• TASK ITEM:
In the records below, the lines between the one holding "Panneau acoustique en" and the one holding "Woman Within White", inclusive, are to be transcribed exactly; no pictures are to be included.
(PROVIDED DATA)
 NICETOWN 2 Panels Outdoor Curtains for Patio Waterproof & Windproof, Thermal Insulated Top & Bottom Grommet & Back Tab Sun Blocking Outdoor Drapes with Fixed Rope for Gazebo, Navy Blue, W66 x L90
(End PROVIDED DATA)
(PROVIDED DATA)
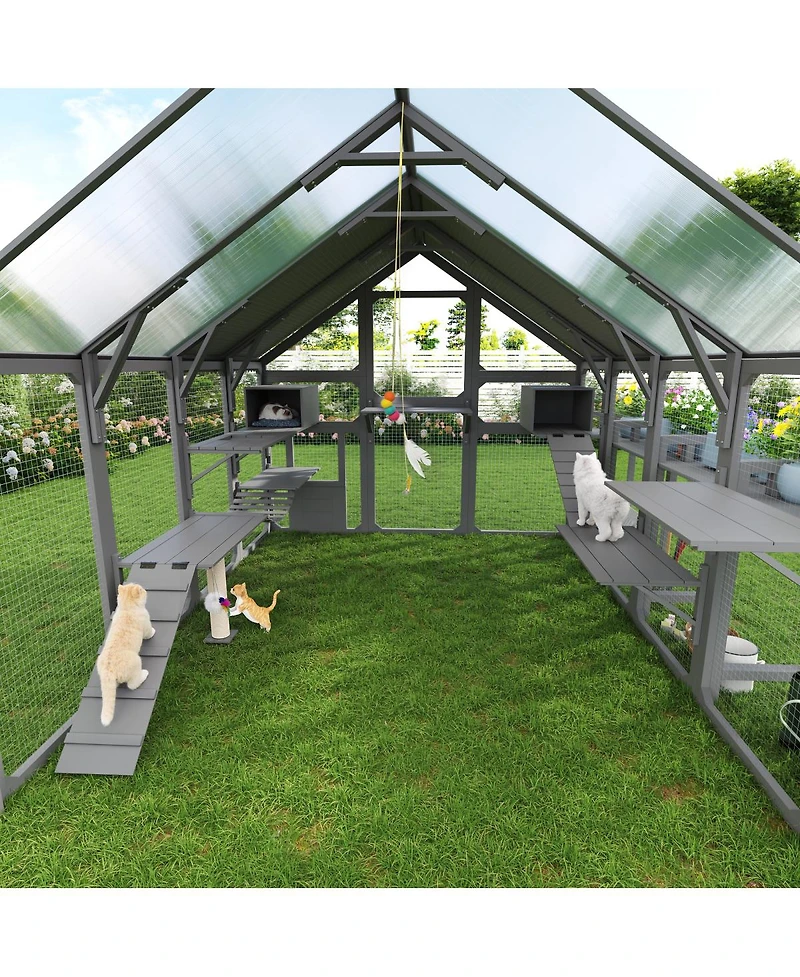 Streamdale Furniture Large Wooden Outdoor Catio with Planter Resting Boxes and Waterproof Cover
(End PROVIDED DATA)
(PROVIDED DATA)
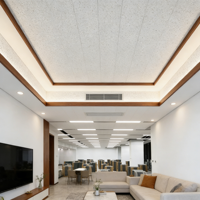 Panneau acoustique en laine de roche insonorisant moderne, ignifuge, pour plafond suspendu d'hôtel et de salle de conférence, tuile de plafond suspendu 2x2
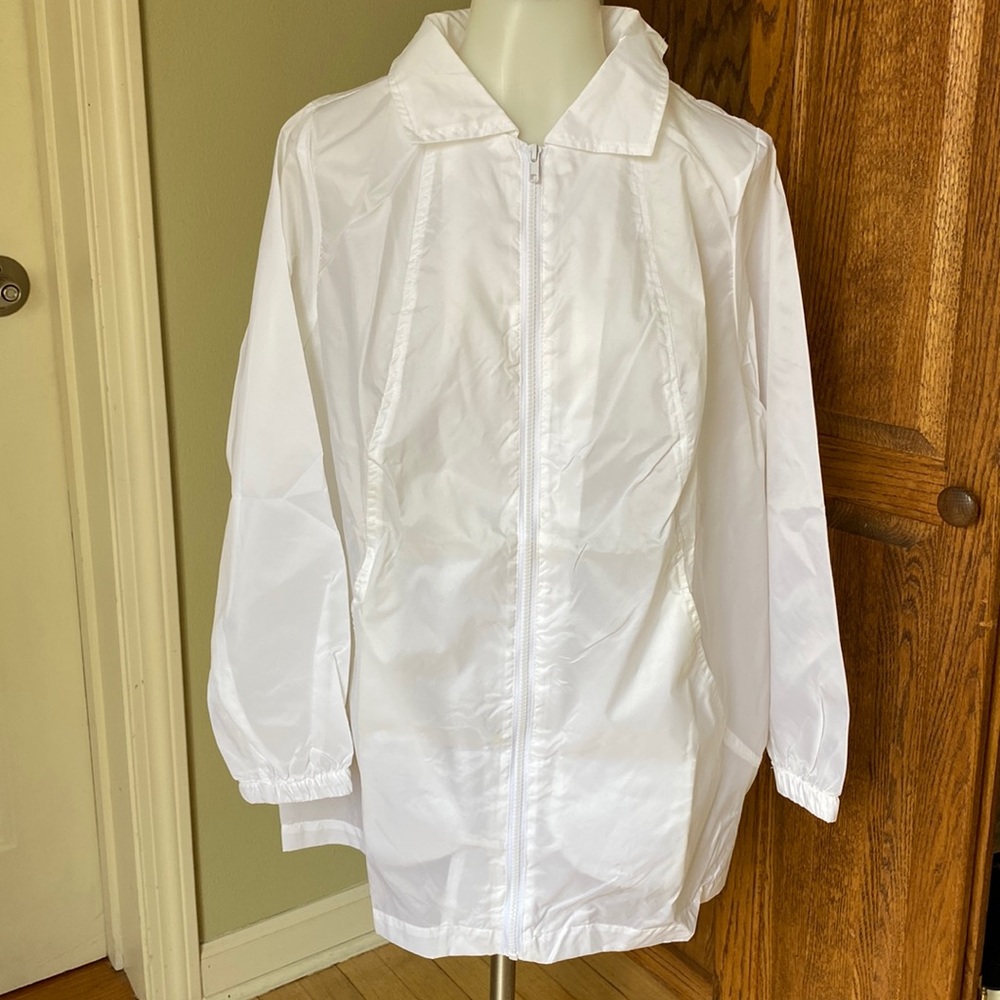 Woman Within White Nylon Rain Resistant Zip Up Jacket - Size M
(End PROVIDED DATA)
• ANSWER SPACE:
 Panneau acoustique en laine de roche insonorisant moderne, ignifuge, pour plafond suspendu d'hôtel et de salle de conférence, tuile de plafond suspendu 2x2
 Woman Within White Nylon Rain Resistant Zip Up Jacket - Size M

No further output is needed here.